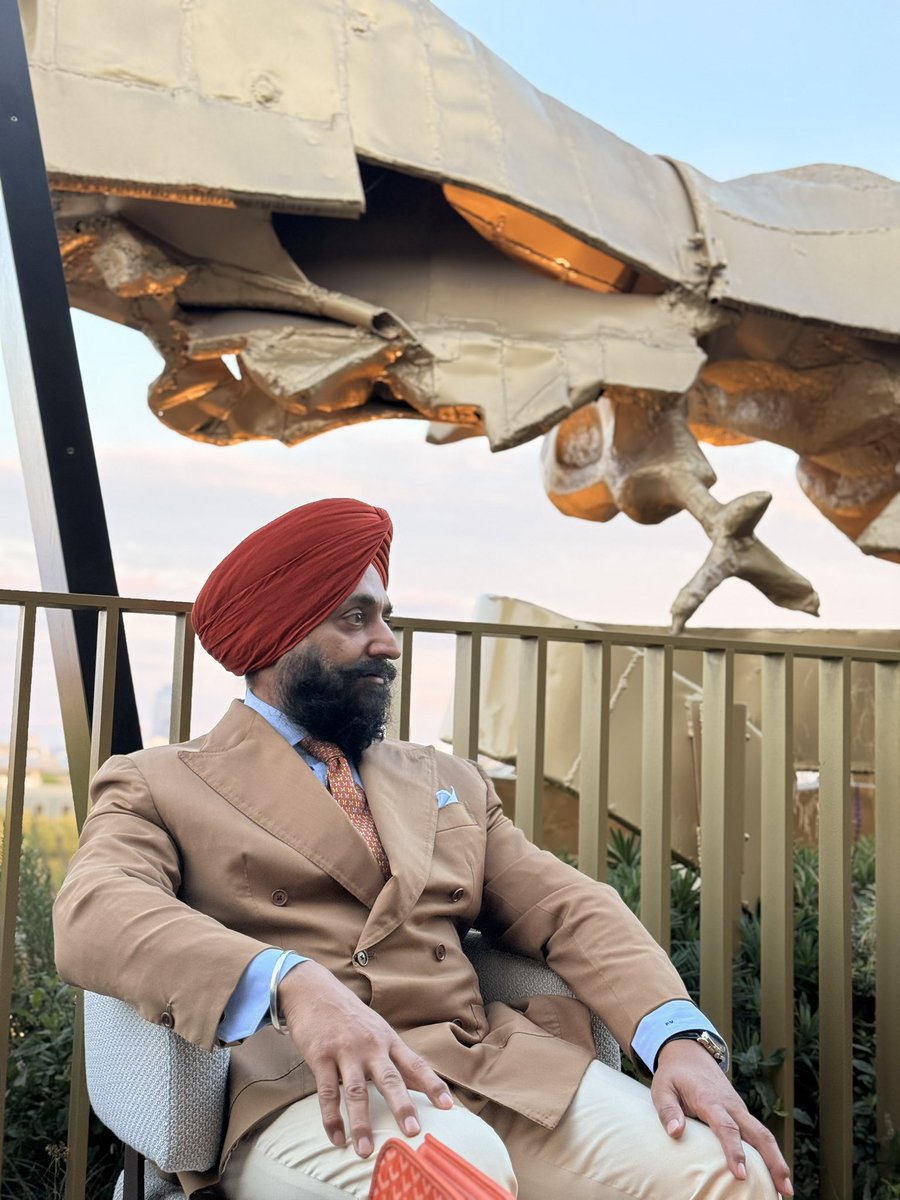 Prof Peter Virdee tweet media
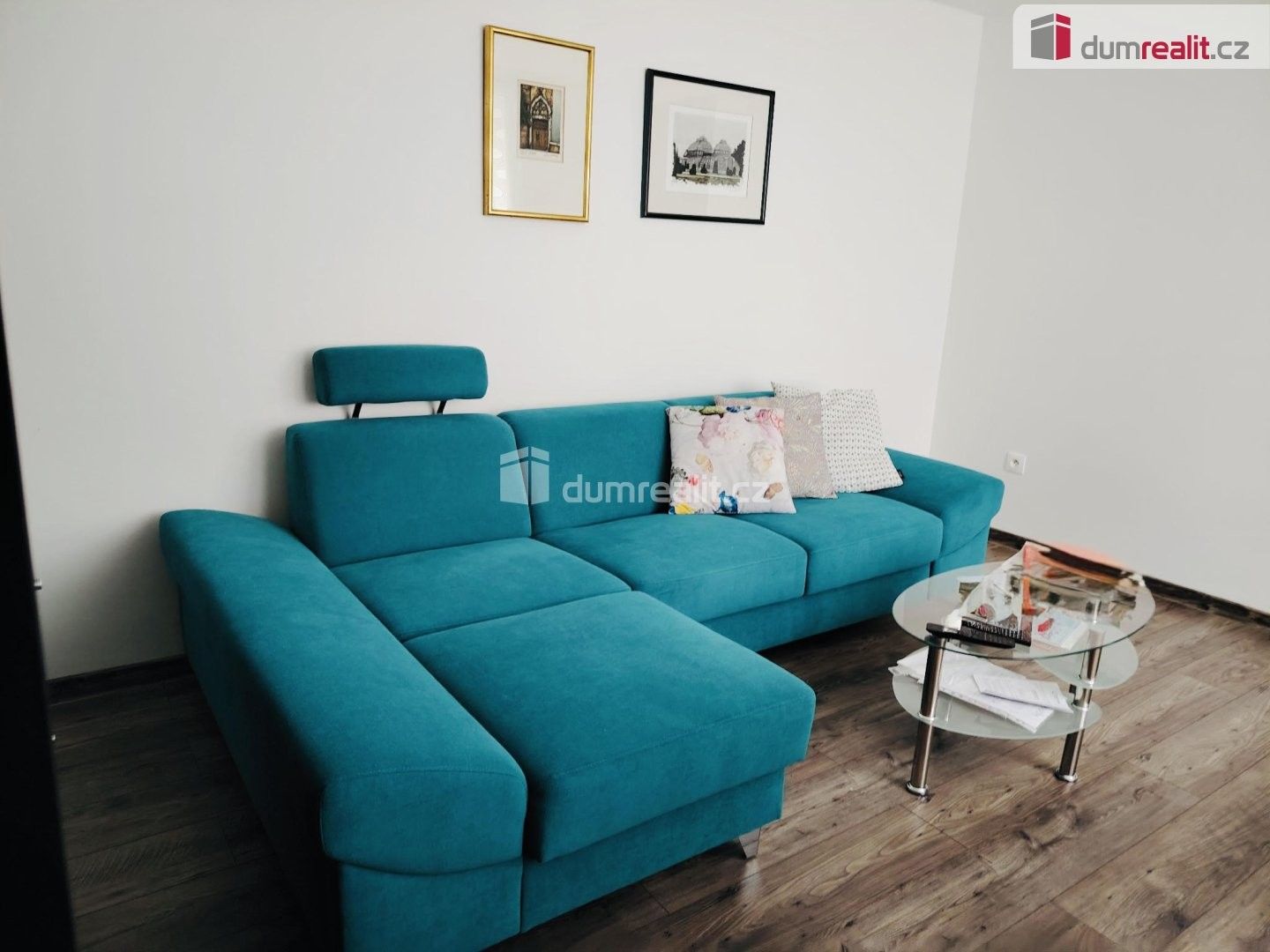 Pronájem bytu 2+1 60 m² - foto 3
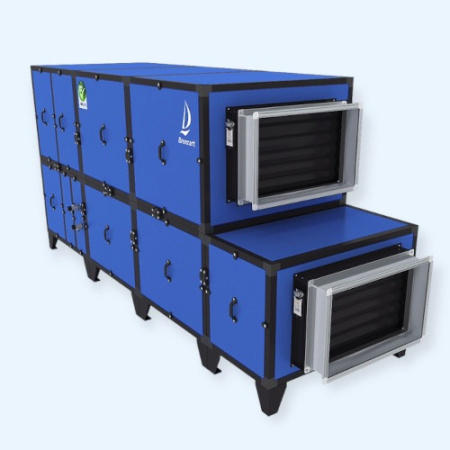 6000 Aqua Pool SM BC Breezart Приточно-вытяжная установка для бассейна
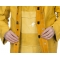 Golden Brown™ kurtka spawalnicza z licowej skóry w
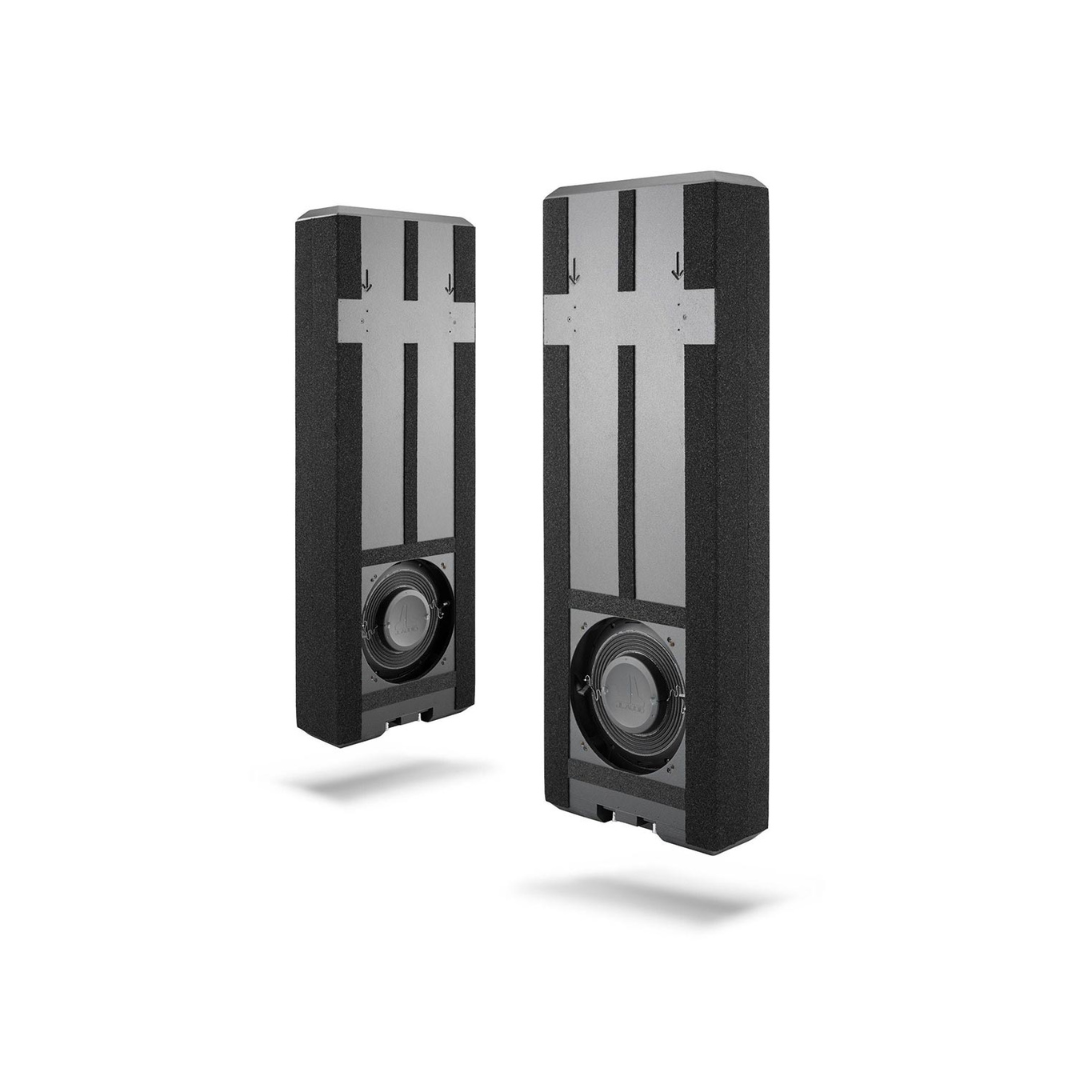 JL Audio Fathom® 8-inch (200 mm) In-Ceiling Powered Subwoofer System (IWICE-SYS-208)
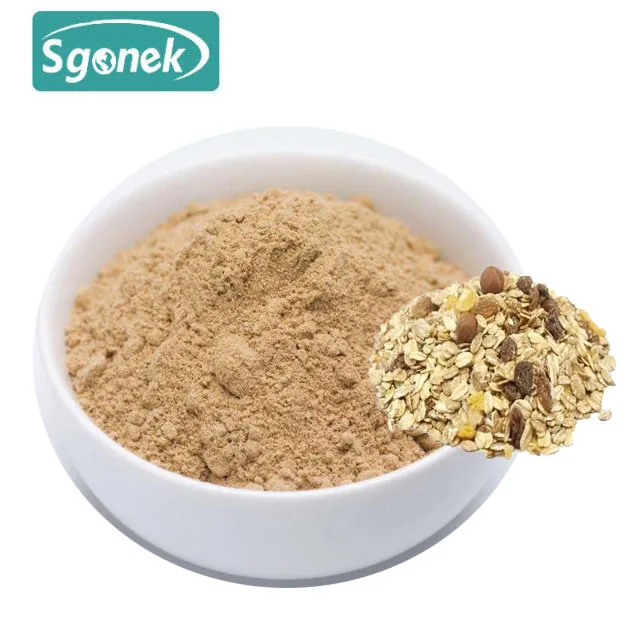 Natural Oat Straw Extract Beta Glucan 80 70 Bulk Powder Wild Oat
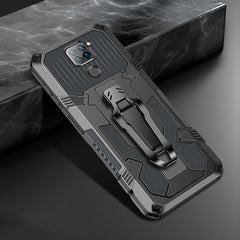 Machine Armor Warrior Shockproof PC + TPU Protective Case, For Xiaomi Redmi Note 7, For Xiaomi Redmi Note 9, For LG K31, For LG Aristo 5 Pro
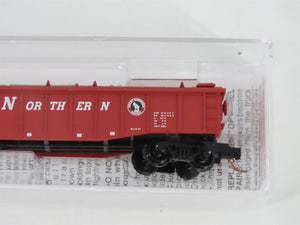 N Scale Micro-Trains MTL 106210 GN Great Northern 50' Gondola #73818
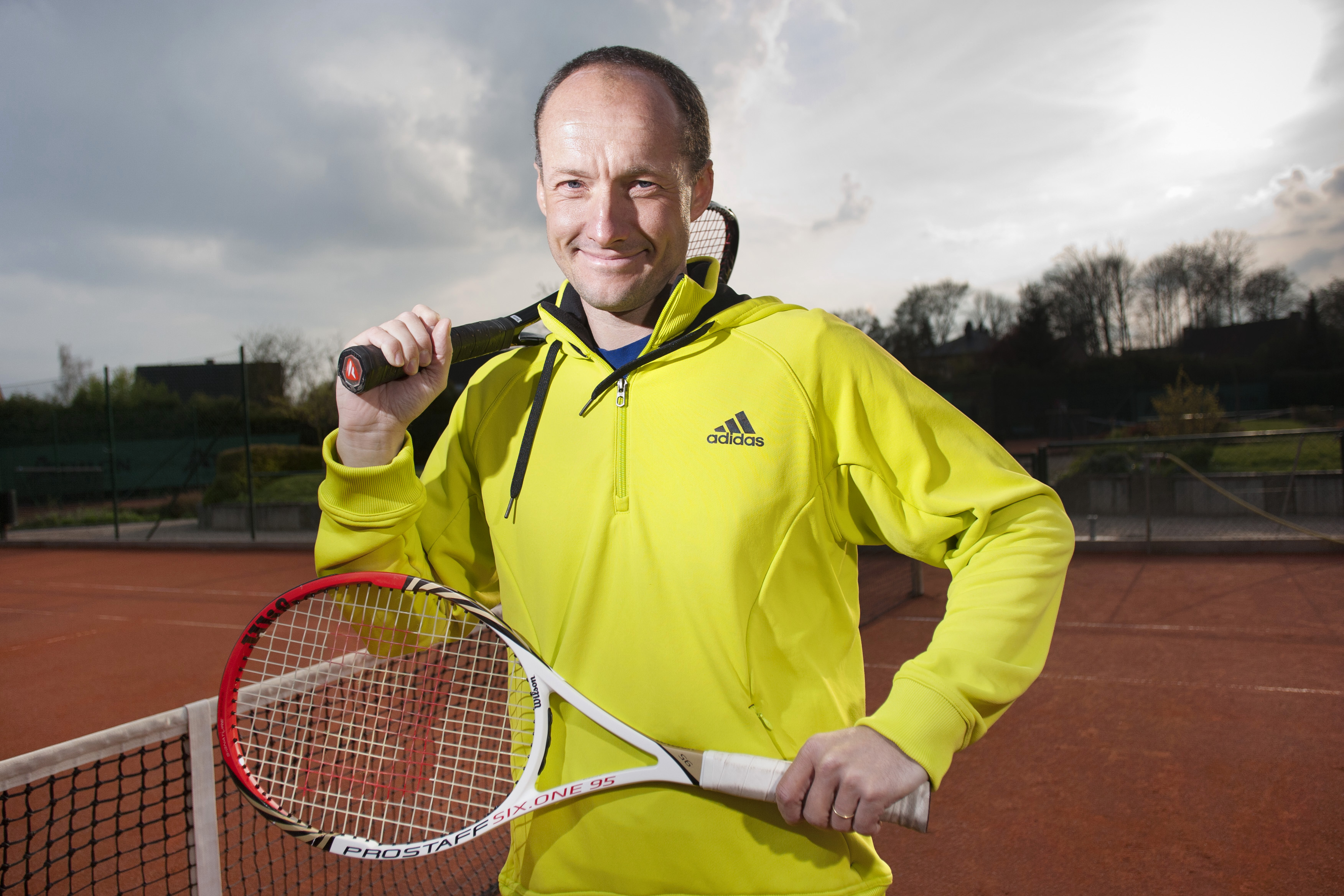 Olivier Jeunehomme - Namur, Belgique, Justine Henin Academy, Bacchelor in  Physical Education and Sport, Tennis coach Level 3 Belgian Federation, FMS  coach Level 1 | about.me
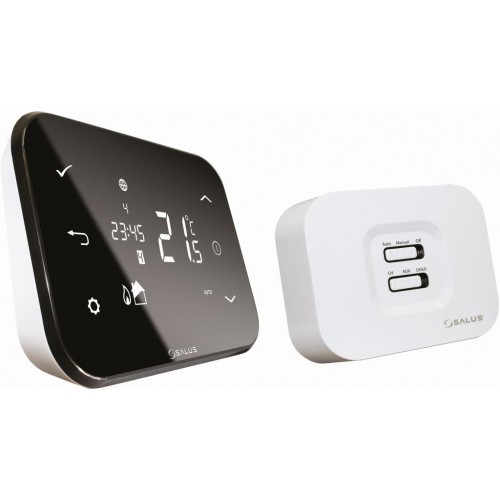 SALUS xT500 Bezdrátový programovatelný termostat SALUS xT500 Bezdrátový programovatelný termostat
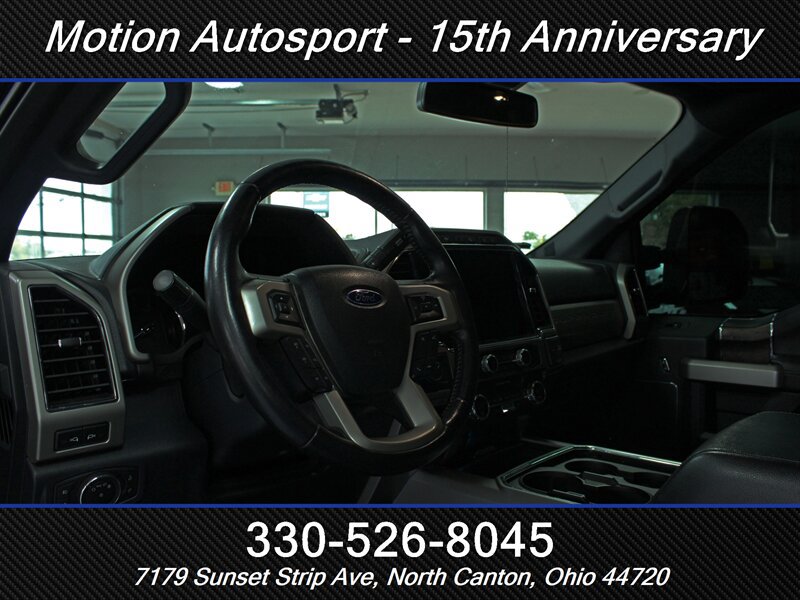Used 2022 Ford F250 Lariat w/ Tremor Off-Road Package AWD/4WD image 12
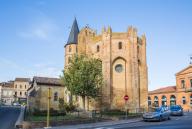 église paroissiale Saint-Adrien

--- --- ---

• _Task requirements_
Could you repeat the listing above exactly, omitting its pictures?

• _Exercise result_
 Prof Peter Virdee tweet media
 Pronájem bytu 2+1 60 m² - foto 3
 6000 Aqua Pool SM BC Breezart Приточно-вытяжная установка для бассейна
 Golden Brown™ kurtka spawalnicza z licowej skóry w
 JL Audio Fathom® 8-inch (200 mm) In-Ceiling Powered Subwoofer System (IWICE-SYS-208)
 Natural Oat Straw Extract Beta Glucan 80 70 Bulk Powder Wild Oat
 Machine Armor Warrior Shockproof PC + TPU Protective Case, For Xiaomi Redmi Note 7, For Xiaomi Redmi Note 9, For LG K31, For LG Aristo 5 Pro
 N Scale Micro-Trains MTL 106210 GN Great Northern 50' Gondola #73818
 Olivier Jeunehomme - Namur, Belgique, Justine Henin Academy, Bacchelor in  Physical Education and Sport, Tennis coach Level 3 Belgian Federation, FMS  coach Level 1 | about.me
 SALUS xT500 Bezdrátový programovatelný termostat SALUS xT500 Bezdrátový programovatelný termostat
Used 2022 Ford F250 Lariat w/ Tremor Off-Road Package AWD/4WD image 12
 église paroissiale Saint-Adrien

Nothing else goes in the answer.